No programa da noite “O Lobo Solitário, da Viva FM, Victor Lobo quebra a solidão dos seus ouvintes, atendendo os seus telefonemas, conversando, ouvindo-os e estabelecendo ligações. Mas nesta noite em que o tema são emoções, uma ligação do passado quer pôr a conversa em dia.

São apenas cerca de 20 minutos, em tempo real (num plano-sequência a reforçá-lo), em que somos levados pela mão (a que segura a câmara) pelos recantos obscuros da natureza humana. A primeira coisa que impressiona após a sua visualização, e enquanto rebobinamos mentalmente o filme, é que este é provavelmente o pedaço de ficção mais negro que o Filipe já escreveu. Mesmo já tendo abordado os Nazis e a 2ª Guerra Mundial (em “Dog Mendonça & Pizzaboy“, “Majowski” e “Balada Para Sophie”), a Guerra Colonial (em “Os Vampiros“) e o último desejo de um condenado à morte (em “Sleepwalk“). O estudo da natureza humana (com o que tem de bom, mas principalmente de mau) sempre foi o pilar fundamental da ficção do Filipe. Mas aqui é particular, singular no objecto de estudo e na sua aproximação a ele. Nunca estivemos tão próximo, nas obras do Filipe, dessa dicotomia como aqui.

E, a reforçar essa aproximação, mais do que o conteúdo é importante a forma. Neste caso o magnífico trabalho do plano-sequência, um dos melhores que já vi (e vocês sabem como eu gosto de planos-sequência). A forma como a câmara se move, no seu ritmo mais ou menos célere, mais ou menos próximo, mais ou menos atento aos pormenores, reforça a narrativa e torna-nos parte dela. É aí que percebemos que aqui, neste pequeno grande filme, somos o contraponto, a outra parte da natureza humana. Somos a sua consciência e o seu juiz. Daí eu dizer que este é o seu pedaço de ficção mais negro, porque o contaponto à negatividade não está nele, somos nós.

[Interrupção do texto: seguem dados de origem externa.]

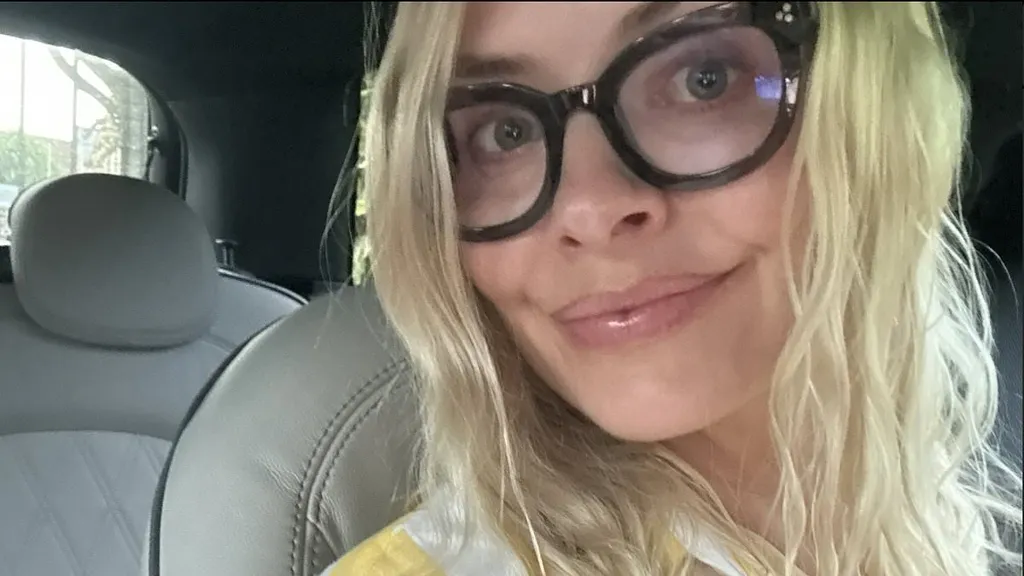 Holly Willoughby shows off her new look with glasses in car selfie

E o Filipe nunca depositou tanta confiança nos leitores/espectadores/ouvintes como aqui.

Claro que para tudo isto funcionar, a entrega é fundamental. E todos os intervenientes fizeram aqui um trabalho excepcional. Adriano Luz é monstruoso, na concentração e na entrega, na dedicação e no tom variável que imprime a Victor Lobo. E o restante elenco, os que vemos e os que só ouvimos também: António Fonseca, Maria João Pinho (aquela a quem nos agarramos moralmente), Márcia Breia, Custódia Gallego e todos os outros que temos de estar atentos para identificar (sim, Nuno Markl e Bruno Nogueira, companheiros de tantas aventuras, também andam por aqui). A coreografia narrativa é exemplar, nos tempos, nos movimentos, nos sons. O Filipe soube, como sempre, encontrar as melhores pessoas (e amigos) para a tarefa a cumprir.

E tecnicamente o filme é prodígioso. A fotografia de Vasco Viana (pelas razões que já apontei) sustenta-o, não só pelo trabalho de câmara, mas também pela iluminação realista e contida. A direcção artística de Juan Cavia é fundamental para a execução técnica dessa mesma fotografia (mais até pelo que não vemos do que pelo que vemos). A música, do próprio Filipe Melo com The Legendary Tigerman, é desprovida de ego e serve exemplarmente a narrativa, a ponto de nos sublinhar as emoções sem percebermos que ela lá está. O exímio trabalho de som de Dillon Bennett e Bruno Garcez, fundamental quando só vemos metade da maioria da acção. Tudo aqui é trabalho de primeira linha, que não envegonha quando comparado com o que se faz ‘lá fora‘. Filipe Melo consegue sempre a proeza de nos tornar menos pequeninos nesse aspecto (e em tudo o que faz).

Concluindo, “O lobo Solitário”, com os seus 22 minutos, sabe a tanto mais. Há tanto pormenor, mais ou menos subtil, tanto movimento, tanta emoção, que mal acabou tive vontade de o rever imediatamente, mais do que uma vez, para absorver tudo o que me escapou à primeira. Até que o consiga fazer, é fundamental que mais o façam, agora (o filme é exibido novamente esta noite do Cinema Ideal em Lisboa, inserido na programação do Festival Internacional de Curtas Metragens de Vila do Conde) ou quando for lançado em grande escala. O filme é intenso, envolvente e emocionalmente forte, além de transbordar de inteligência, bom gosto e competência. É do Filipe Melo, portanto.